05 Treatment Effects

University of San Francisco, MSMI-608

Pre-Class Code Assignment Instructions

In this semester, I am going to ask you to do a fair bit of work before coming to class. This will make our class time shorter, more manageable, and hopefully less boring.

I am also going to use this as an opportunity for you to directly earn grade points for your effort/labor, rather than “getting things right” on an exam.

Therefore, I will ask you to work through the posted slides on Canvas before class. Throughout the slides, I will post Pre-Class Questions for you to work through in R. These will look like this:

Example

In R, please write code that will read in the .csv from Canvas called sf_listings_2312.csv. Assign this the name bnb.

You will then write your answer in a .r script:

Click to show code and output
# Q1
#bnb <- read.csv("sf_listings_2312.csv")

Important:

To earn full points, you need to organize your code correctly. Specifically, you need to:

  • Answer questions in order.
    • If you answer them out of order, just re-arrange the code after.
  • Preface each answer with a comment (# Q1/# Q2/# Q3) that indicates exactly which question you are answering.
    • Please just write the letter Q and the number in this comment.
  • Make sure your code runs on its own, on anyone’s computer.
    • To do this, I would always include rm(list = ls()) at the top of every .r script. This will clean everything from the environment, allowing you to see if this runs on my computer.

Handing this in:

  • You must submit this to Canvas before 9:00am on the day of class. Even if class starts at 10:00am that day, these are always due at 9:00.
  • You must submit this code as a .txt file. This is because Canvas cannot present .R files to me in SpeedGrader. To save as .txt:
    • Click File -> New File -> Text File
    • Copy and paste your completed code to that new text file.
    • Save the file as firstname_lastname_module.txt
      • For example, my file for Module 01 would be matt_meister_01.txt
      • My file for module 05 would be matt_meister_05.txt

Grading:

  • I will grade these for completion.
  • You will receive 1 point for every question you give an honest attempt to answer
  • Your grade will be the number of questions you answer, divided by the total number of questions.
    • This is why it is important that you number each answer with # Q1.
    • Any questions that are not numbered this way will be graded incomplete, because I can’t find them.
  • You will receive a 25% penalty for submitting these late.
  • I will post my solutions after class.

Setup

Load in these packages. If you do not have them, you will need to install them.

  • e.g., install.packages("fixest")
library(dplyr)
library(ggplot2)
library(fixest)

Read in cola_data.csv from Canvas, and assign it the name DF:

Click to show code and output
DF <- read.csv("cola_data.csv")

Causality

We are often attempting to test some causal relationship with our data.
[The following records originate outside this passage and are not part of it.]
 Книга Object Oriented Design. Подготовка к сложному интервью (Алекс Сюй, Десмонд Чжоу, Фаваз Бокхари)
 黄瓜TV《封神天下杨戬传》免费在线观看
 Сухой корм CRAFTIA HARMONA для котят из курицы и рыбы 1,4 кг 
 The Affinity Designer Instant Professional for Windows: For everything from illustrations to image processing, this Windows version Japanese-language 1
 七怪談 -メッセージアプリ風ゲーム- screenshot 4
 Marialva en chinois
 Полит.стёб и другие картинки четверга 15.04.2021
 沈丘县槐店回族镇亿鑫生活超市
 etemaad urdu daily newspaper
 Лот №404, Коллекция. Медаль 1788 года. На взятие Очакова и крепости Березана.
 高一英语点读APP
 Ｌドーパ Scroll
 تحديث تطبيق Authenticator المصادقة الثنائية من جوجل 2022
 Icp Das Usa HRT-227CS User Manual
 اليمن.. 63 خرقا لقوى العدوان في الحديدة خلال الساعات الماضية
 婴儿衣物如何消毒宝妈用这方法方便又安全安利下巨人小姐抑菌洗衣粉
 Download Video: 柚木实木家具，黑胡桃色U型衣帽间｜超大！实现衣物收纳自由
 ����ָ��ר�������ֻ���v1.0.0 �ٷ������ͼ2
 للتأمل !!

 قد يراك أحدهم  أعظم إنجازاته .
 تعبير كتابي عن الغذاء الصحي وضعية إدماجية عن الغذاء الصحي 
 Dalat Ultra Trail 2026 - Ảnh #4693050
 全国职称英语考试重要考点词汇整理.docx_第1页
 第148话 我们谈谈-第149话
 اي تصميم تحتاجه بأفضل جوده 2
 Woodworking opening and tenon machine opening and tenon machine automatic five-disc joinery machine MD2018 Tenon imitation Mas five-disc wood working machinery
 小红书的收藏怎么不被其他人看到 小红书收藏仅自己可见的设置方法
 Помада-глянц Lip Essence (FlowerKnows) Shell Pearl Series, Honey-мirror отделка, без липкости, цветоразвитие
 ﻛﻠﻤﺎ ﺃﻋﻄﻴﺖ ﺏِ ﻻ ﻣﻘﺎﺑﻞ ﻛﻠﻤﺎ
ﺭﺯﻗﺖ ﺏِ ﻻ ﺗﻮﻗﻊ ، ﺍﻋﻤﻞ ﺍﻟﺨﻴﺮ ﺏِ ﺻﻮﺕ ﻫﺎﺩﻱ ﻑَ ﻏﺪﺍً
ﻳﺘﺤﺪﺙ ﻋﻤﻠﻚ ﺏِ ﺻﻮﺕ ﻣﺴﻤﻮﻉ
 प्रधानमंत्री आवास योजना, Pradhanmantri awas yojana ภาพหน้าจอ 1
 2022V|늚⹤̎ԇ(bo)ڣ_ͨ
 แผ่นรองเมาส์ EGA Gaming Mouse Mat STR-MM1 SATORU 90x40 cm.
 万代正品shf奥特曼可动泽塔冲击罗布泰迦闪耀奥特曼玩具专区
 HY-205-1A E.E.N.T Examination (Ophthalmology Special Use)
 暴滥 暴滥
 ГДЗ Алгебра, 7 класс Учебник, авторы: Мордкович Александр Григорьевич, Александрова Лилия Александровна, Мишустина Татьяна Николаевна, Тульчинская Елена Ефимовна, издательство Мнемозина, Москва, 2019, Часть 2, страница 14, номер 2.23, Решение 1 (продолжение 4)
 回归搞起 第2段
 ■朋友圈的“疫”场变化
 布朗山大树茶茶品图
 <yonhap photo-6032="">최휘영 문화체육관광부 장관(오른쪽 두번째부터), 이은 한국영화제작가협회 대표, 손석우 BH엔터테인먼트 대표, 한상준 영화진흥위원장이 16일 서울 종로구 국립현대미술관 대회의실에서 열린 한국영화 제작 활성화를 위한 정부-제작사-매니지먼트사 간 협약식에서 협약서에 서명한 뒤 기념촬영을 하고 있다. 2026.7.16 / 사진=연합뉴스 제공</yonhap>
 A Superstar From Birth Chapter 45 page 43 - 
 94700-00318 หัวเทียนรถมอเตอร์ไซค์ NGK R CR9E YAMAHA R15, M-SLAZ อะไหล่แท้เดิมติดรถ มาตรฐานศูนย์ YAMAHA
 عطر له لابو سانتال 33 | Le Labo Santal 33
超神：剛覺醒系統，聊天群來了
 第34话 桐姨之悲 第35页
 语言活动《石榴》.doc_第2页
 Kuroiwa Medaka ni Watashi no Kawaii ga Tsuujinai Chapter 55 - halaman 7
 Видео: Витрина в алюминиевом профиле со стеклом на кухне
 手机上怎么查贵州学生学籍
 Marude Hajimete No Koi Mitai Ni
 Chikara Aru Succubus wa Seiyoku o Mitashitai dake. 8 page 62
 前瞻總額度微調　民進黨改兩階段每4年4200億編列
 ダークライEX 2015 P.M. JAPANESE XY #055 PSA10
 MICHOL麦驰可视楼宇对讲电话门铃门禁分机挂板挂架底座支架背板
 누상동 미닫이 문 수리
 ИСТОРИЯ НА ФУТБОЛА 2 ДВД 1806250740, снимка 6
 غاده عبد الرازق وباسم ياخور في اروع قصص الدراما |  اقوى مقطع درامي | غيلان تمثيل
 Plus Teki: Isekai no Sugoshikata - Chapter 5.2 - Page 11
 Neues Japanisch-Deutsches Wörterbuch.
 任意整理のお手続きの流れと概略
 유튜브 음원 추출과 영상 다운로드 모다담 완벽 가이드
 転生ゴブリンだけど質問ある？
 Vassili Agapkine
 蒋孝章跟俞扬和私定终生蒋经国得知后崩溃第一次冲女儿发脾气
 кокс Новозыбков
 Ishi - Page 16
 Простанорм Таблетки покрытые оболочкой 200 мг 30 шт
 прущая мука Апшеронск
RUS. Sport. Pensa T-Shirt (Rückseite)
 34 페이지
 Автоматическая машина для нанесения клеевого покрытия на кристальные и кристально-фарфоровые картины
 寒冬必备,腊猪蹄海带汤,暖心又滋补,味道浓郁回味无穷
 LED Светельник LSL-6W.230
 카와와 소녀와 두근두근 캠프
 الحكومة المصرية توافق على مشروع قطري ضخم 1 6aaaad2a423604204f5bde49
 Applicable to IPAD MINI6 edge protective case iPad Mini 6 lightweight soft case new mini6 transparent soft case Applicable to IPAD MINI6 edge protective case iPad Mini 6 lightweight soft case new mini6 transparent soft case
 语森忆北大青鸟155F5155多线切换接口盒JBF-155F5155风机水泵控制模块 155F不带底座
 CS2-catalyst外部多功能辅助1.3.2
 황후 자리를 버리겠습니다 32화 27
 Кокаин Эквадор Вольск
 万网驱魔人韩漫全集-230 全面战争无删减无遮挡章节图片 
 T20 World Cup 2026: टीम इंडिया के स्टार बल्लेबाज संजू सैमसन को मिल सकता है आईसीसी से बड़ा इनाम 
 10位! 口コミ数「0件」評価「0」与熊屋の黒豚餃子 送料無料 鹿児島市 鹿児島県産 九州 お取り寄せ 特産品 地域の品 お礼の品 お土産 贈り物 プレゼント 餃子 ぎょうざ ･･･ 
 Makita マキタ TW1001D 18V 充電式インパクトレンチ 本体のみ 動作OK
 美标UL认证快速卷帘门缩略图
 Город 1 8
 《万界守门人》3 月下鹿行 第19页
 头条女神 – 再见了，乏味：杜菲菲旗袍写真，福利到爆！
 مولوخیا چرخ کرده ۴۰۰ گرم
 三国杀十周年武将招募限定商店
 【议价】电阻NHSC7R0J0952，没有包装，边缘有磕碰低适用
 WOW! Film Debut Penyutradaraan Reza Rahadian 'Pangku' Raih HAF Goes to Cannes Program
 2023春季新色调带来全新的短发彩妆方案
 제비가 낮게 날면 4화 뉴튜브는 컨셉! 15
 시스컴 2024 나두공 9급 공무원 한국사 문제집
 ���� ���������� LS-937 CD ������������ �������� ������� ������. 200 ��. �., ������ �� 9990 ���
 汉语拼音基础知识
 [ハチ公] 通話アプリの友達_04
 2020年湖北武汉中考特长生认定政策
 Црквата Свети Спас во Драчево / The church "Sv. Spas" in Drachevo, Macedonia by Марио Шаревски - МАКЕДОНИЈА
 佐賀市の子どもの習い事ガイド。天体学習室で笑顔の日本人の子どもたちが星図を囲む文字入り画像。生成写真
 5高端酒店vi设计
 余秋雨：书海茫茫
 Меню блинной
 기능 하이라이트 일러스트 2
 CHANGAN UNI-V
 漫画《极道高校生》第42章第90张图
Specifically, we want to know if the factor we care about is causing a change in the outcome that matters to us. We can visualize this like this:

The Potential Outcomes Model

Example 1: Causal effect of getting a college degree on earnings

Example 2: Causal effect of receiving a Target coupon on purchasing

This causal effect (also called a treatment effect) of the treatment Wi on individual i can be written as:

\(Y_i(W_i = 1) - Y_i(W_i = 0)\)

All this estimates is the difference in earnings (\(Y\)) if individual (\(i\)) went to college (\(W = 1\)) vs. did not go to college (\(W = 0\)). Or the difference in purchase rate (\(Y\)) if individual (\(i\)) received a coupon (\(W = 1\)) vs. did not (\(W = 0\))

In the absolute best case, we would have a model of parallel worlds, where the treatment is the only (!) difference across the two worlds. Unfortunately, we only have access to a single world… for now.

Potential outcomes vs. actually observed data

In any data we only observe the realized outcome for each individual:

\(Y_i(W_i = 1)\) OR \(Y_i(W_i = 0)\)

This means we cannot directly estimate the individual causal effect (treatment effect) for each individual person. This is because each person only has a single outcome at a single time. Because… again… one universe for now.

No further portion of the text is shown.